Where I hit a wall was when I tried to start with a story of my own.  I would write, I had decided, about an old high school boyfriend: a caricature of adolescent angst and egomania (as are we all, at seventeen).  I knew these stories were funny; I’d told them before to gales of laughter, gasps of disbelief and delicious, vicarious humiliation.  But when I tried to write them down, somehow… they weren’t.

Part of this, I’m sure, must be attributed to my lack of skill.  How many of us think ourselves comedians at a raucous party, when the audience is in the mood to laugh at anything?

But there was something else, too.  Because when writing them down, black on white, the cursor blinking like an expectant inquisitor… these stories weren’t funny.  They were sad, and strange, and way too familiar.

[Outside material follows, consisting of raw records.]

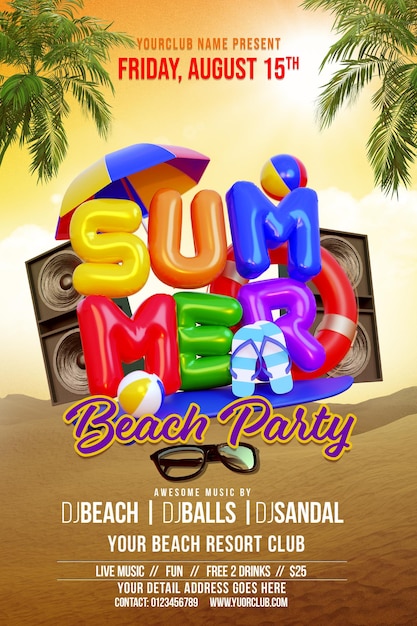 Sommer Strand Party Flyer Vorlage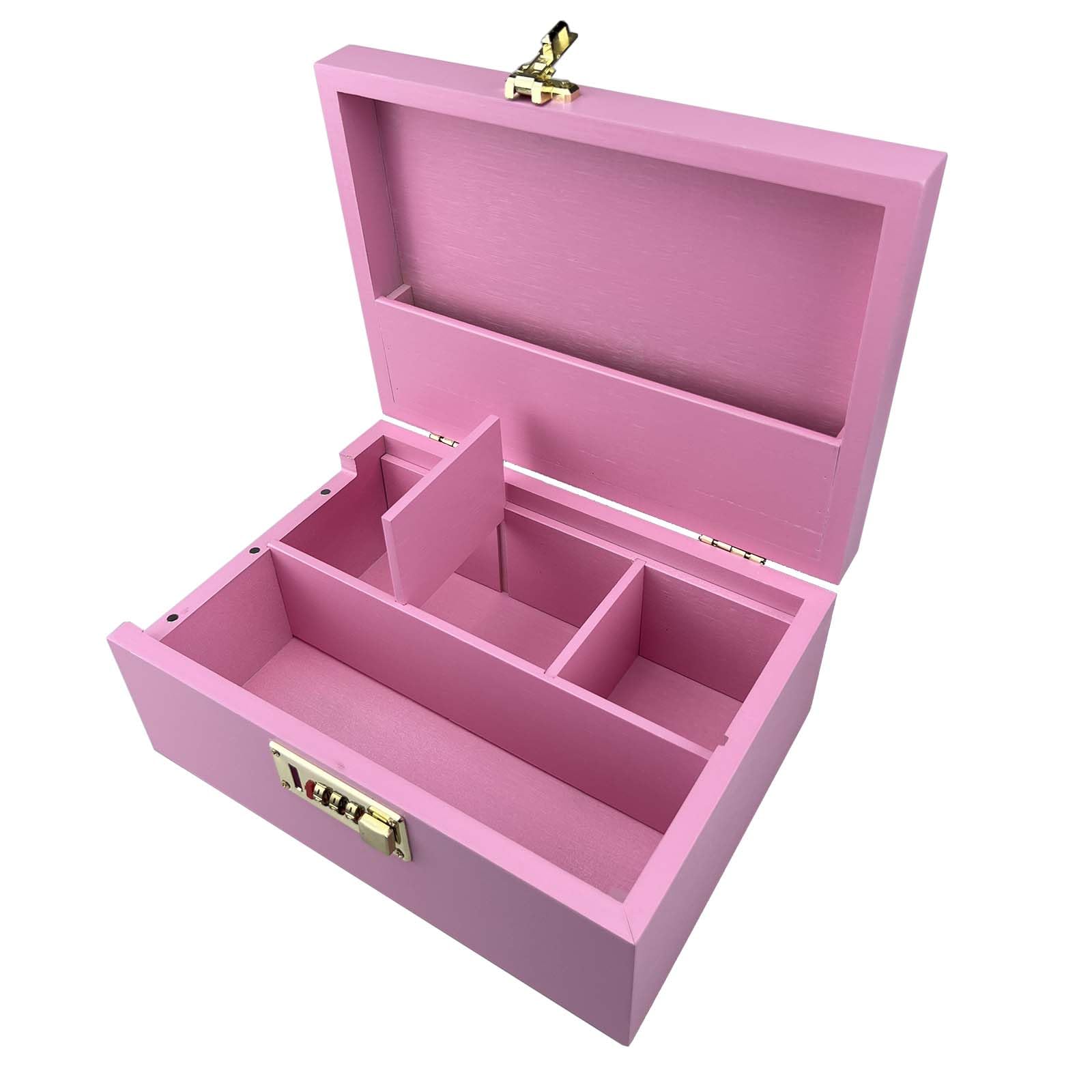 DEHVEN Large Bamboo Storage Box with Lock - Decorative Jar Organizer for Home, Office & Bathroom (Pink) | Perfect for Jewelry, Makeup, Spices & Home Decor Storage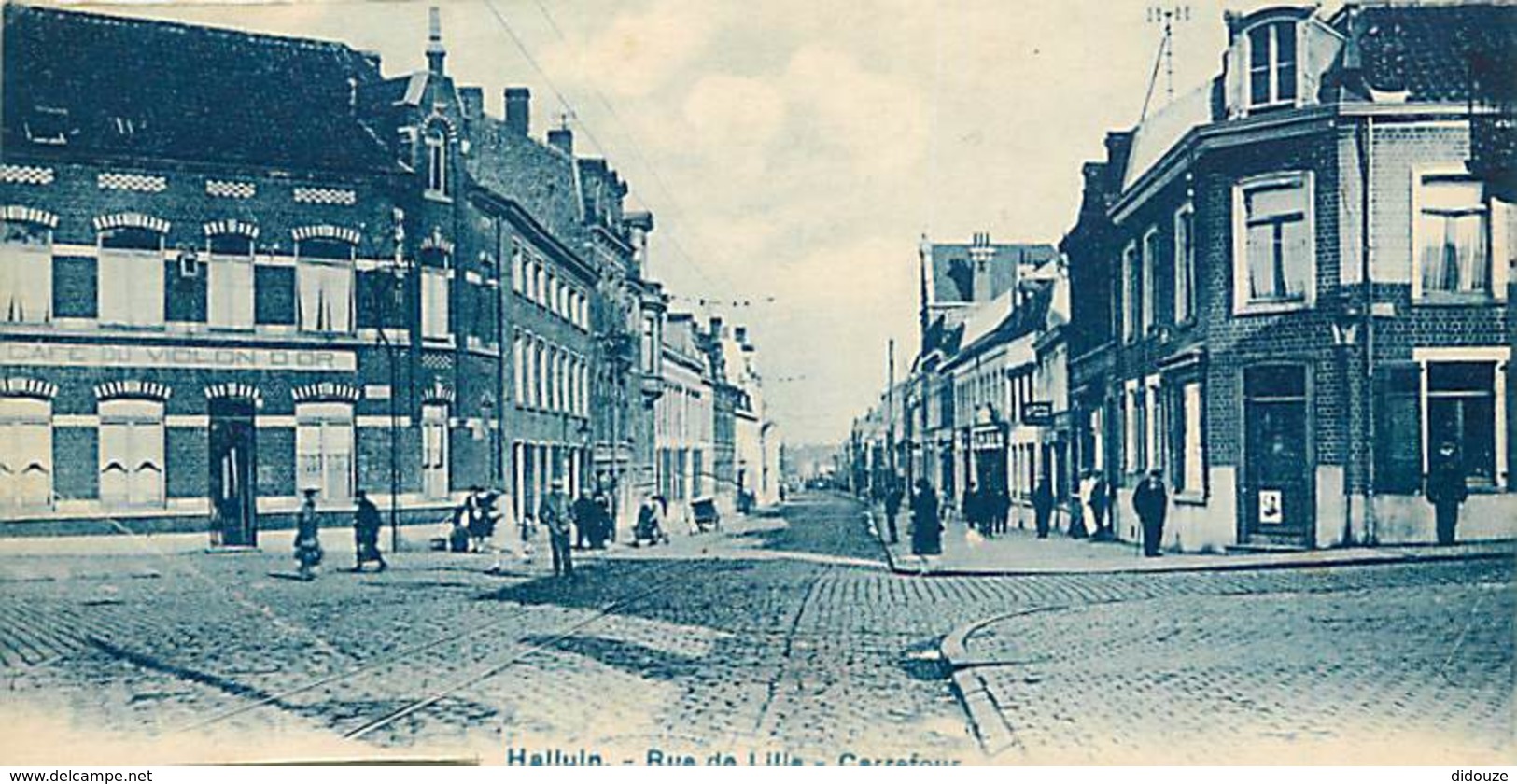 59 - Halluin - Rue De Lille - Carrefour - Animée - Etat Carte Découpée - Voir Scans Recto-Verso - Otros & Sin Clasificación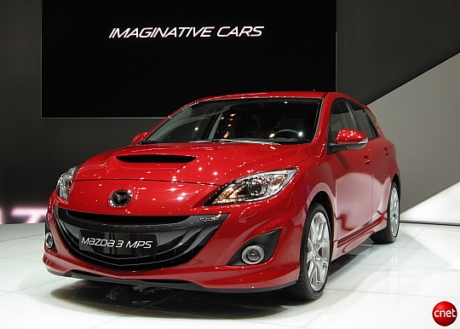 　最新モデル「Mazda 3 MPS」の車体には、マツダが各種コンセプトカーで披露してきた「流（ながれ）」スタイルが採用されている。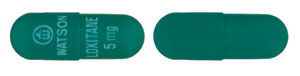 Pill Logo WATSON LOXITANE 5mg Green Capsule/Oblong is Loxitane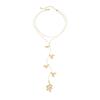 Ingemark Simple Sexy Leaf Long Tassel Pendant Choker Necklace for Women Fashion Statement Y Shape Chest Chain Party Jewelry Gift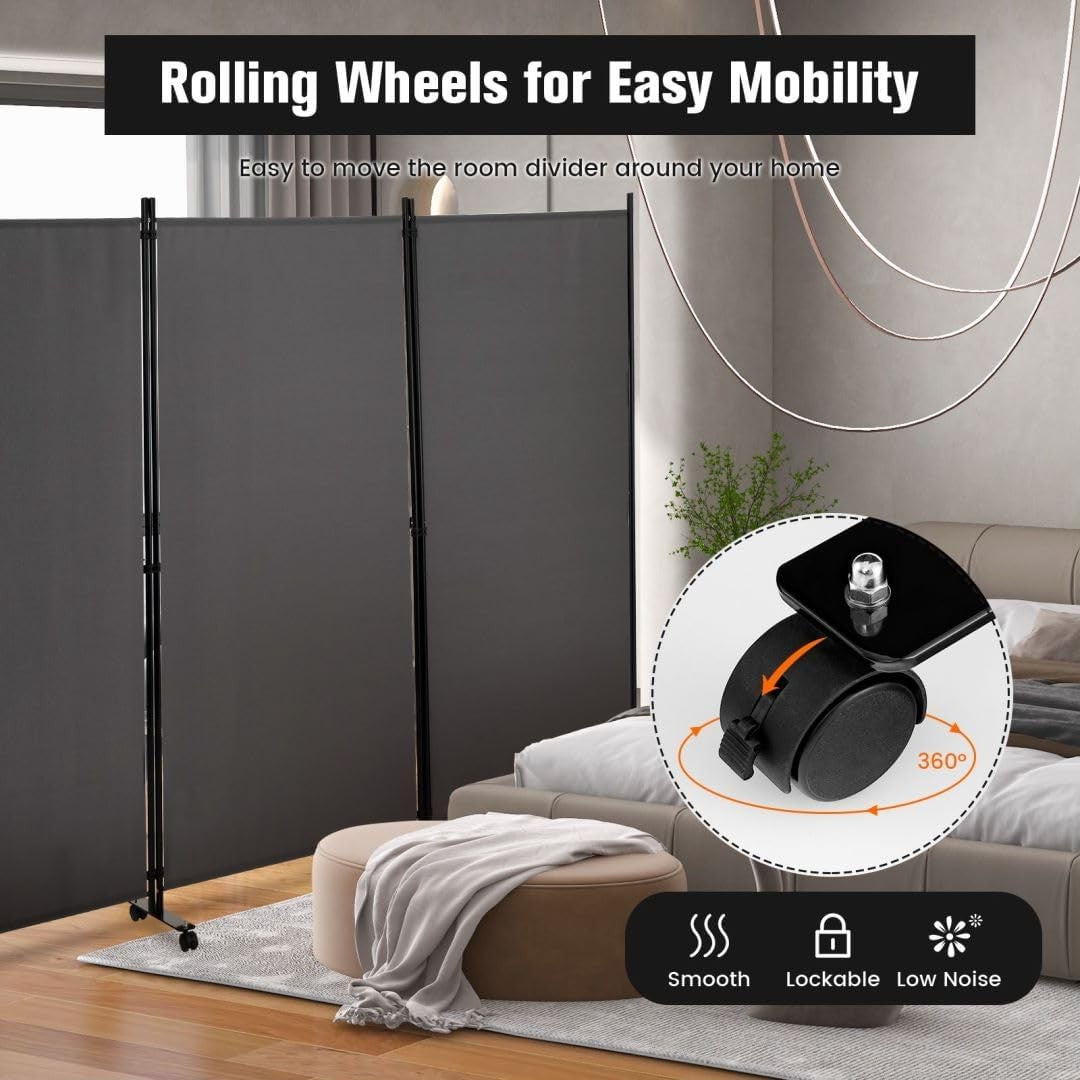 3 Panel Grey Folding Room Divider Privacy Screen on Wheels for Home Office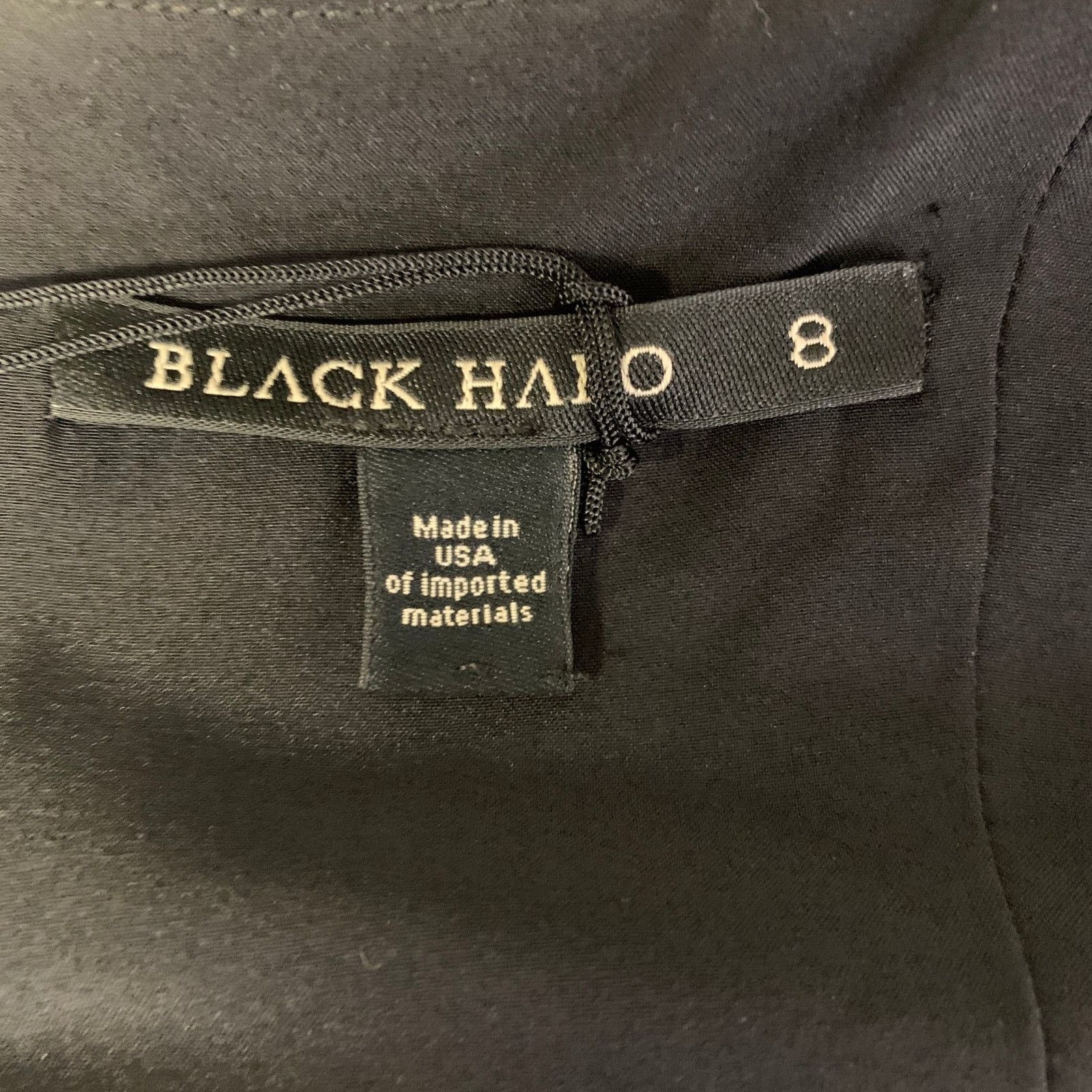 Black Halo BLACK HALO Size 8 Black Geometric Skirt Cocktail Dress Size M / US 6-8 / IT 42-44 - 6 Thumbnail
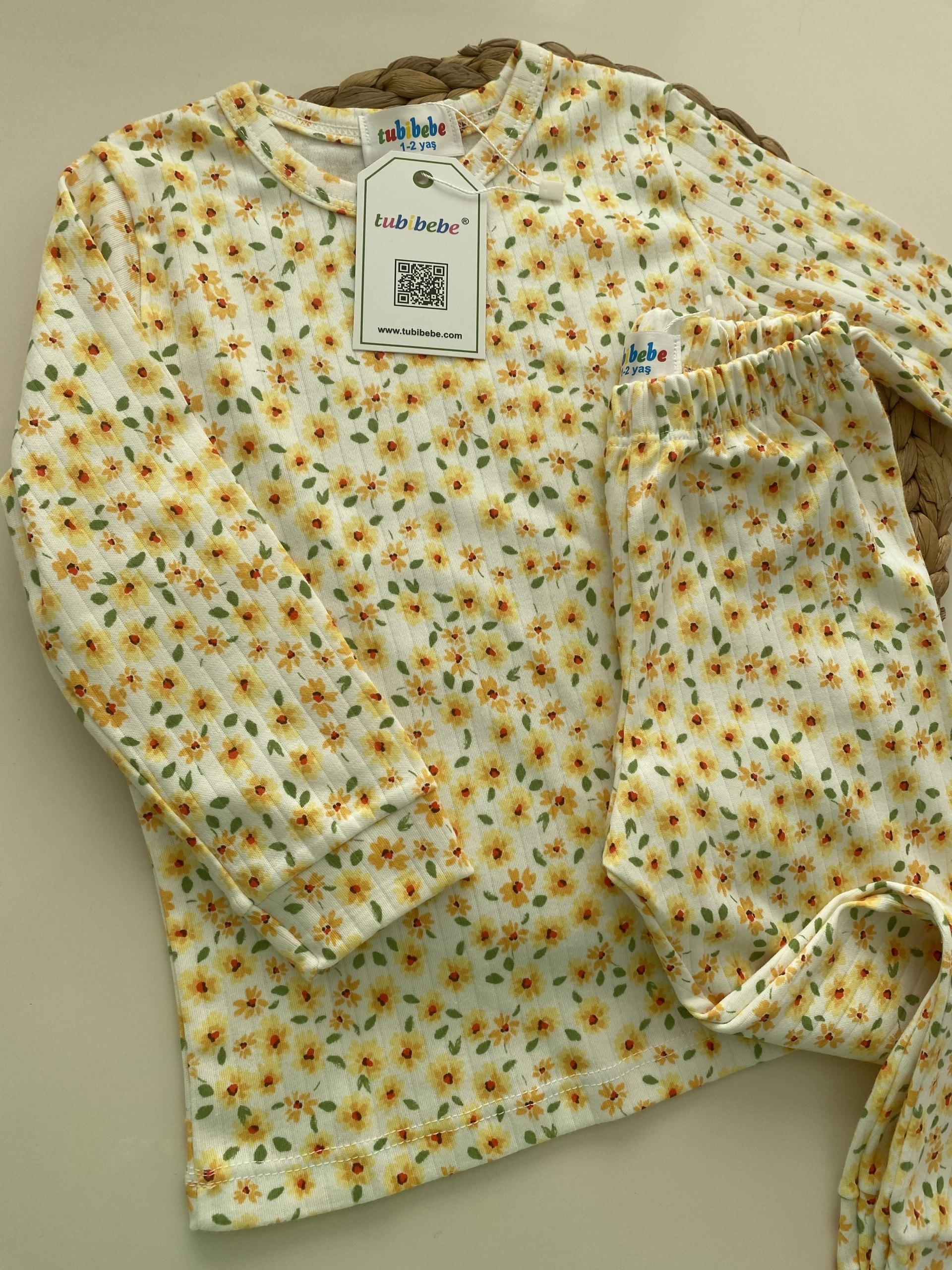 Premium Pamuklu Papatya Desen Pijama Takımı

I am not the first to come to this realization, of course.  It is, in some ways, a rite of passage, when we (particularly we women) first recognize and embrace our own experiences.  We laugh at things that should shock us, or disturb us.  But vulnerable people have been laughing at the dark since there have been people, and the dark — and it has never once been the same as turning on a light.

It wasn’t funny that my boyfriend left me at a movie theater halfway through a date because he didn’t approve of the film.  It wasn’t funny that he blamed me for his religious guilt while sneaking over to fool around.  It wasn’t funny that I had to lie about my good grades to keep him from giving me the silent treatment for days, and it definitely wasn’t funny that, after we broke up, he told a mutual friend that he wanted to see me dead in his yard.

It wasn’t funny that my boyfriend hated women, and resented me.

Maybe I’ll still write these stories the way they sound at a party.  Maybe I’ll get them just the way they sound to that audience primed to laugh and waiting for an excuse.  But maybe, even if I do, there will be a lot of us just laughing at the dark.